Eppure, non capiremmo fino in fondo il film se ci fermassimo a questo ordine di considerazioni. Riusciamo a cogliere il senso del film appieno solo nella scena in cui il boss Angelo (Luca Zingaretti) spiega ai ragazzi una missione che intende affidare loro – uccidere un boss rivale nella baracca dove vive in Sabina – fornendo dettagli sull’azione da eseguire. Nei suoi gesti, nella retorica che usa, nel modo che ha di rivolgersi ai ragazzi – e naturalmente nel modo in cui questi recepiscono la richiesta, accettandola – emerge forse la natura più profonda di questa storia. Al di là del gergo osceno, omofobo e scatologico da piccoli delinquenti o bulletti di periferia, tutto infarcito di “frocio”, “bocchinaro” e “puzzi de merda”, l’unico vero ethos che Mirko e Manolo conoscono non è quello tipico della forma, anche minima o perversa, del codice d’onore malavitoso. L’unico “linguaggio sociale” che i due conoscono e sentono autenticamente proprio è quello dei talent, di programmi televisivi come X Factor. Mirko, in fondo, è il corrispettivo maschile della sua ragazza Ambra (Michela De Rossi): lei crede di avere talento per il canto, lui è convinto che, in coppia con Manolo, l’omicidio sia per lui qualcosa di spontaneo e naturale.
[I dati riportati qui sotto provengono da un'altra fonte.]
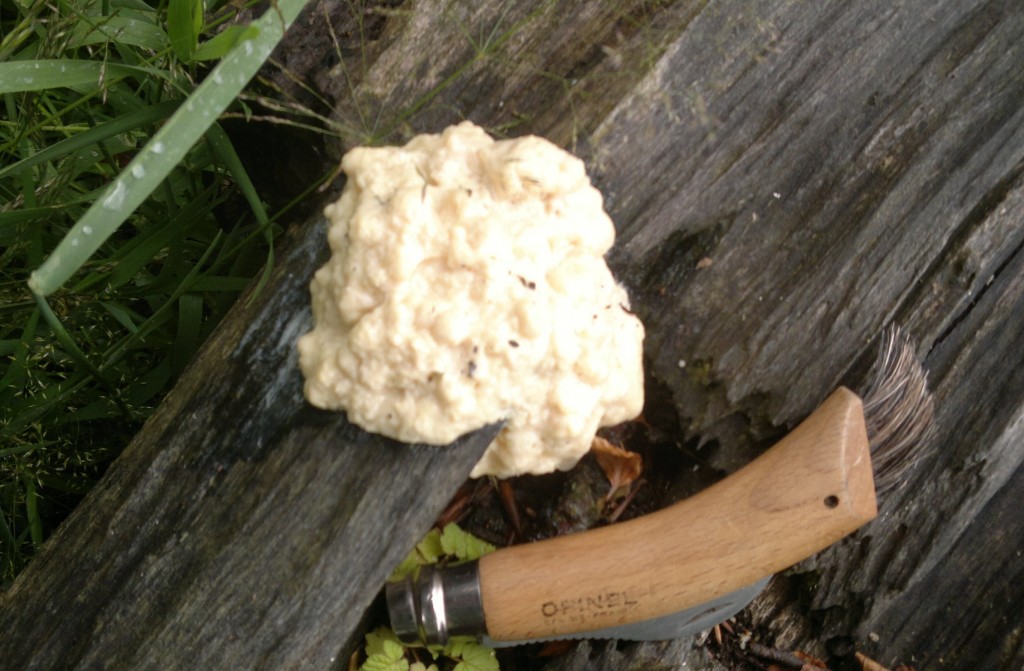 ?white slime mould??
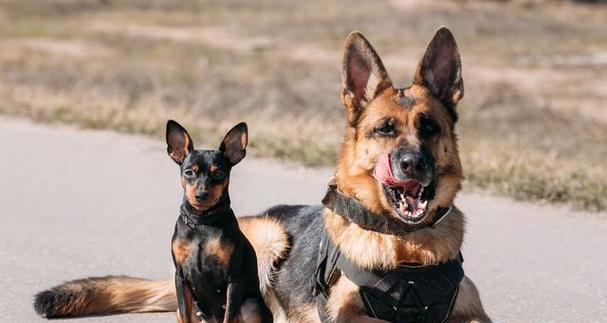 慢跑对狗的益处与风险(为你的狗狗慢跑带来的好处和潜在风险) 慢跑对狗的益处与风险(为你的狗狗慢跑带来的好处和潜在风险)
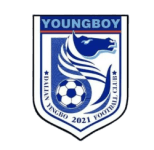 Dalian Yingbo B
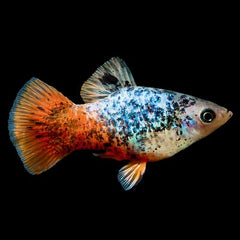 Xiph.maculatus Platy calico M @
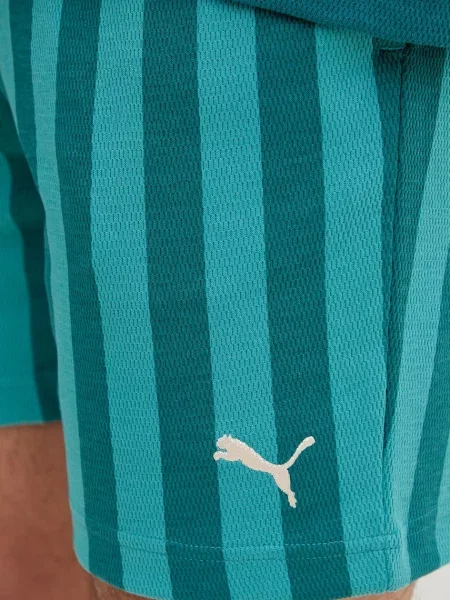 Трикотажные спортивные шорты Puma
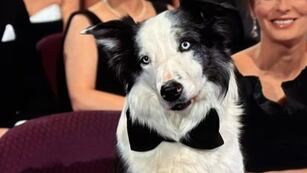 Messi, el perro de “Anatomía de la Caída”, que fue a los premios Oscar 2024 y causó furor
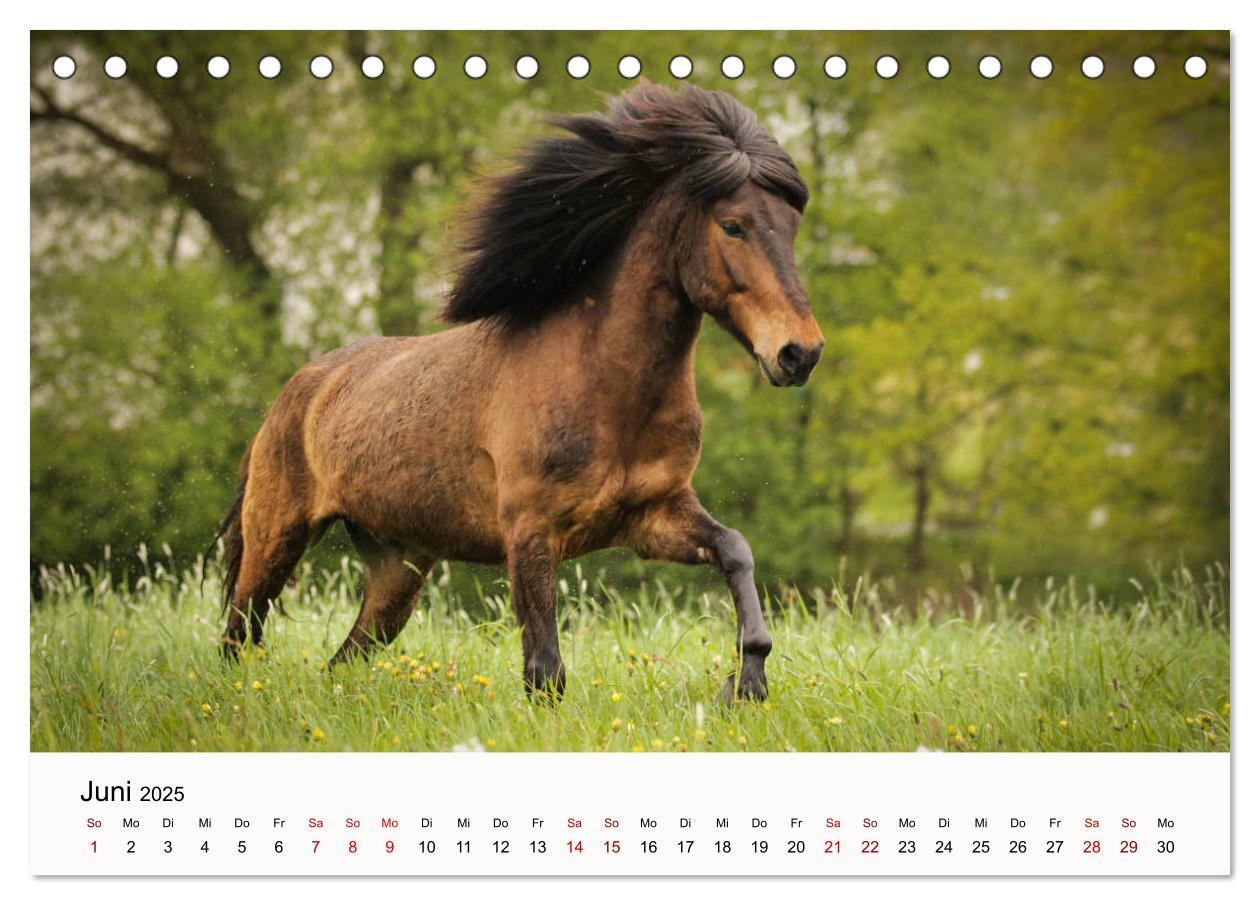 Bild: 9783435394975 | Isländer - icelandic horses (Tischkalender 2025 DIN A5 quer),...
Ma non è una “natura” quella che li circonda, bensì una cultura, tanto rozza quanto potente nel suo radicamento: Angelo gli spiega l’omicidio da compiere, seduto al tavolo ormai quasi deserto del banchetto in un ristorante per una ricorrenza famigliare, con gli stessi gesti e gli identici toni che potrebbe avere Cracco che giudica il piatto di un aspirante chef – d’altronde i ragazzi vengono dall’istituto alberghiero e sognavano di diventare barman, prima di entrare nel giro – o Morgan l’esecuzione canora di un concorrente.

Una volta che ci sintonizziamo con questo livello del film, siamo costretti a rileggerne la storia indietro e avanti – l’immersione in questa dimensione televisiva e virtuale che prende il posto della realtà, “risuona” anche nella scena del cane da guardia immobilizzato con un teaser, che sembra uscita da un frame per videogiochi – per andare a scovare tutti gli elementi che convergono su questo sentimento. Forse La terra dell’abbastanza è proprio questo: una commistione chiusa e autoreferenziale di realtà e virtualità, non aperta ai possibili apporti di arricchimento che possono provenire da qualsiasi fonte, tecnologie comprese. Quando Mirko, in seguito alla morte di Manolo nell’agguato, comincia a capire cosa è diventata la loro vita e vuole reagire, dev’essere semplicemente eliminato, così come accade mentre sta per entrare nel commissariato per denunciare i suoi complici. La vita, allora, può semplicemente tornare alla normalità. Anche il tentativo di Mirko di regalare con il suo sacrificio una vita diversa alla madre, infilando una mazzetta di banconote nell’armadietto del bagno, sembra neutralizzato: la madre non è partita, continua a vivere nel quartiere, dove un giorno, al bar, per caso incontra Danilo, con cui scambia qualche battuta sulla fine dei rispettivi figli. La vita ha ripreso il suo corso.

Riferimenti bibliografici
G. Agamben, Homo sacer, Einaudi, Torino 1995.
P. Montani, L’immaginazione intermediale, Laterza, Roma-Bari 2010.